Source data »
────────────────────────────────────────

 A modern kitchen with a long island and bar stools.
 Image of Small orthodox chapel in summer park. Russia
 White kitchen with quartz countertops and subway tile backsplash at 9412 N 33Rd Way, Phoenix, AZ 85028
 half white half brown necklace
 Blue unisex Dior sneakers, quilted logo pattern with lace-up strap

────────────────────────────────────────

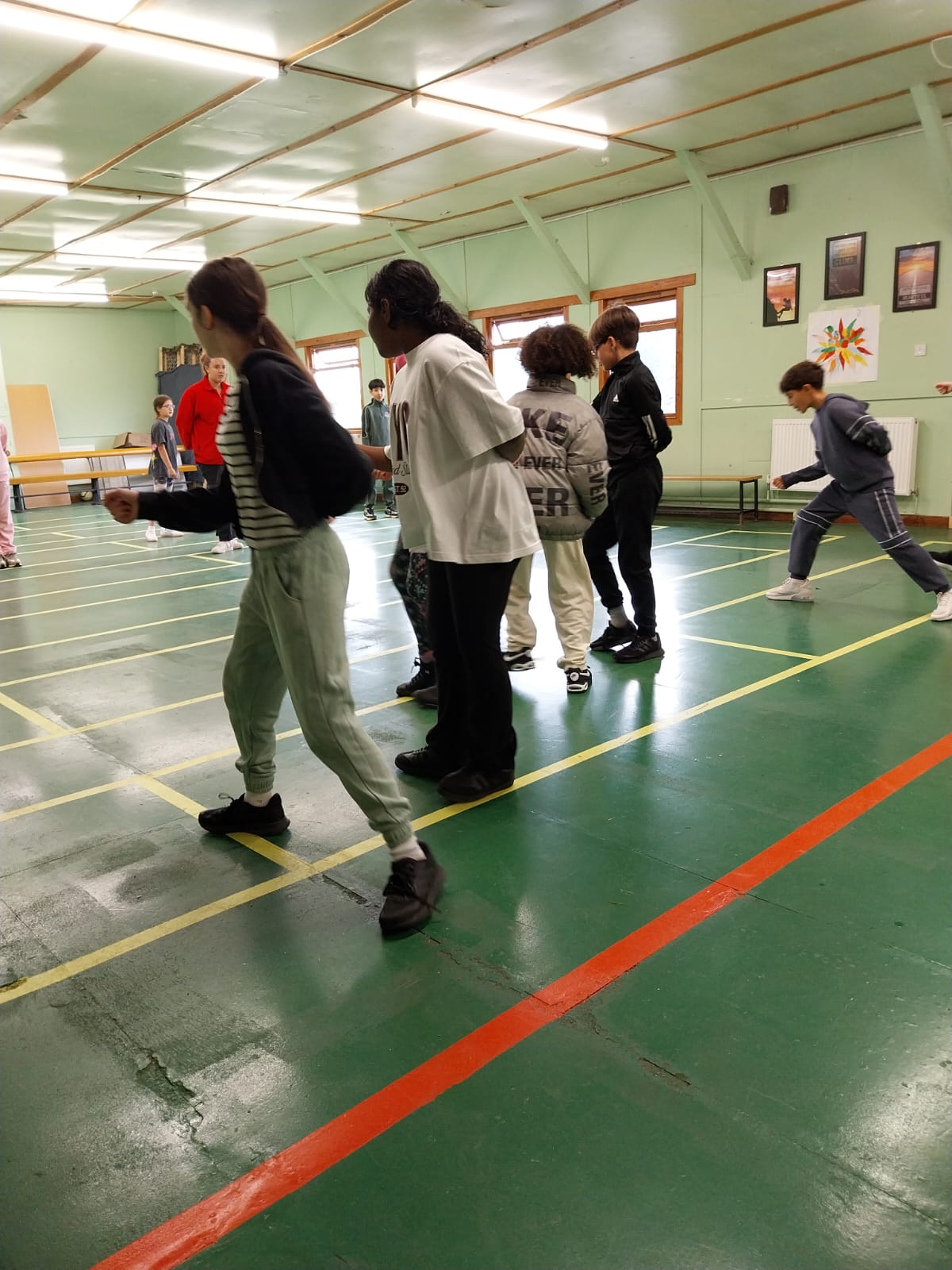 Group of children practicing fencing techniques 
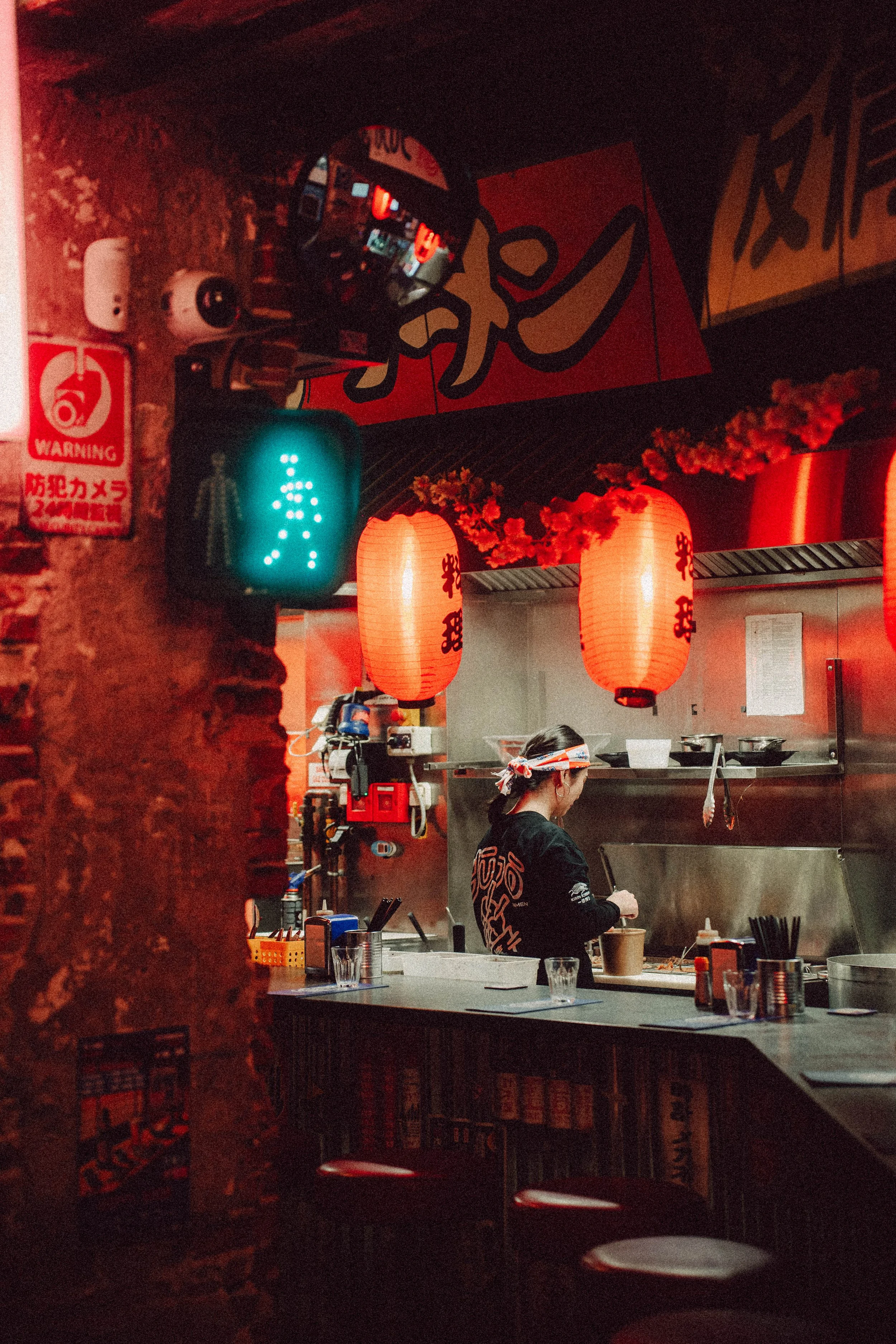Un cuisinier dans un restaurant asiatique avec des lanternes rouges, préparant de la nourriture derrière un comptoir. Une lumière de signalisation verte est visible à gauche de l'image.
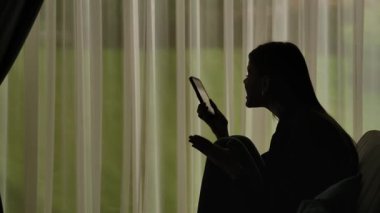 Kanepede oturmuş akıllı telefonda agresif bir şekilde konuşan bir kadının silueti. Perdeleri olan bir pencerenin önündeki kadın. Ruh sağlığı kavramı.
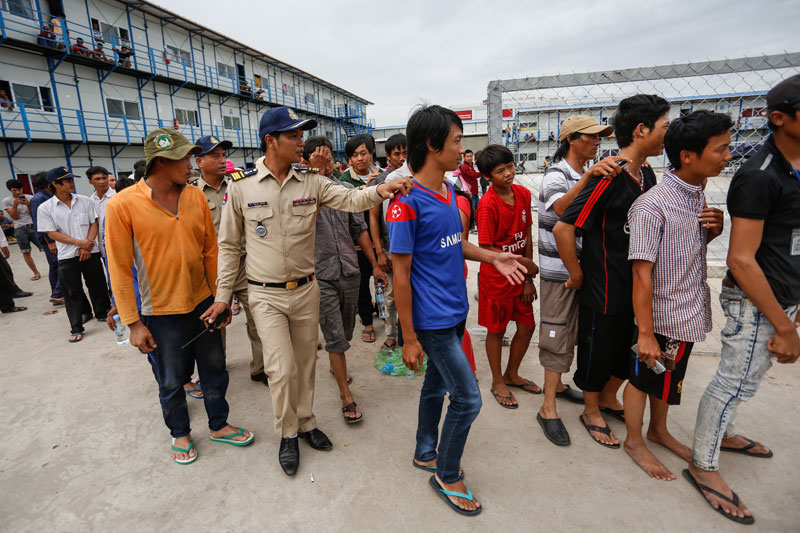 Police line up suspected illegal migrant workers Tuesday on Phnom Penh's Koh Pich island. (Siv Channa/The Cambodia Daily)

────────────────────────────────────────

Exercise details »
Among the entries above, copy exactly the stretch from the line holding "Un cuisinier dans" through the line holding "Police line up", leaving out any pictures.

Solution below »
Un cuisinier dans un restaurant asiatique avec des lanternes rouges, préparant de la nourriture derrière un comptoir. Une lumière de signalisation verte est visible à gauche de l'image.
 Kanepede oturmuş akıllı telefonda agresif bir şekilde konuşan bir kadının silueti. Perdeleri olan bir pencerenin önündeki kadın. Ruh sağlığı kavramı.
 Police line up suspected illegal migrant workers Tuesday on Phnom Penh's Koh Pich island. (Siv Channa/The Cambodia Daily)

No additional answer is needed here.